Adentro estaba el resto de la familia, reunidos en una esquina seca, pues el resto parecía haber sido regado a cántaros momentos antes. Estaban cogidos de la mano y sus cabezas llenas de polvo y sus ojos de barro, un barro negro que en segundos comprobé, hedía a putrefacción de modo insoportable. Entonces me inquieté y le dije que bueno, si necesitaba ayuda, podría ir al banco y sacar un poco de dinero y prestárselo, no tenía que vivir así. No, dijo él, espera, solo mira. Mira qué, atiné a decir, pero antes de poder oír respuesta alguna, vi cómo mi amigo, despojándose de sus prendas y siendo imitado por el resto de su familia, abrieron otra puerta que daba a una especie de patio interior. Fue cuando por fin vi eso.

Montículos diversos de estiércol y lodo seco y también húmedo de quién sabe qué organismos, apilados de manera sistemática por todas partes, una suerte de efigies y esculturas que me recordaron al gran Kapoor. Pero mi desconcierto y fascinación no me permitió percatarme de verlos a todos ellos precipitarse sobre una especie de puertas pequeñitas que habían en la base de cada escultura o montículo. Introducirse y cerrar por dentro, sin decir nada, riendo tal vez, si es que no me falla la percepción. Y es que a la última que vi precisamente fue a la abuela, desnuda y exhibiendo su cuerpo grotesco de tantos años que daría miedo saberlo, la vi gateando y luego reptando hacia un pequeño montoncito de que había para ella, en una de las esquinas; volvió la mirada, me vio con esa especie de alegría que mencioné y luego en un segundo palideció y alcancé a oír que sollozaba. No vencieron, estamos perdidos, condenados, fue cuanto oí. Espere, traté de decir, oiga y Jesús, dije un poco más fuerte, sin respuesta. LLegó al lugar, escarbó con las manos un poco y colocó primero la cabeza y poco a poco, como una lombriz de tierra, desapareció sin que pueda vencer yo a la parálisis que me invadía en todo el cuerpo.

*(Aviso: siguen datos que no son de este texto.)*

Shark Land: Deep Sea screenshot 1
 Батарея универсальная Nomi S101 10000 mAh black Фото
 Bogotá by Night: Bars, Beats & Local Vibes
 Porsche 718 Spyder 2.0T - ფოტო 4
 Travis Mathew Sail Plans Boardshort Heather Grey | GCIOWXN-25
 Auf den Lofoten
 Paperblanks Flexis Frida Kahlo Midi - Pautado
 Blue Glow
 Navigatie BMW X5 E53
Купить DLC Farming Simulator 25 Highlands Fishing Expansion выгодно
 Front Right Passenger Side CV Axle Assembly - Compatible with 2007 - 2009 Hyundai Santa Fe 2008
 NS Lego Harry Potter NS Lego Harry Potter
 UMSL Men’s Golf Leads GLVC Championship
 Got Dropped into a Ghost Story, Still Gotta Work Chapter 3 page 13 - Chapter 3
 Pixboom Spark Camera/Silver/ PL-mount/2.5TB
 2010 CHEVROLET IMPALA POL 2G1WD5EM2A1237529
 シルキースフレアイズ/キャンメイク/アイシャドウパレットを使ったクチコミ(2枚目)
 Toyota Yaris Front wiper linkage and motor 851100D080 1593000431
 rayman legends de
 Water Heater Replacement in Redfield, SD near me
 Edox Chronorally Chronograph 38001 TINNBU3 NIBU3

Me quedé solo, la noche había caído violentamente, la oscuridad era total. Logré mover un dedo, solo uno, la rigidez copaba el íntegro de mi cuerpo, respiré como si de no hacerlo ya, me fuera a asfixiar. Logré aspirar y exhalar un poquito de aire hediondo, fue cuando regurgité, de pie, si poder inclinarme un poco siquiera; y la baba, el vómito y el resto al no poder salir de modo correcto, terminaron por ahogarme. Eso creo, aunque después, o quizá fue la víspera del encuentro con mi amigo, soñé que mis brazos y piernas se extendían como mangueras apiladas en montículos gigantescos, mientras al pie habían extraños seres que desnudos se abrían paso hacia mí, y yo sentía un intenso placer, conmovido hasta el éxtasis, fue cuando desperté. Y ahora esto. sin la certeza de estar ahogado, muerto o solo paralizado, atrapado en al oscuridad de este extraño lugar, sin mi amigo ni su familia, esperando que alguien encienda la luz o me despierte en el caso de ser este otro sueño.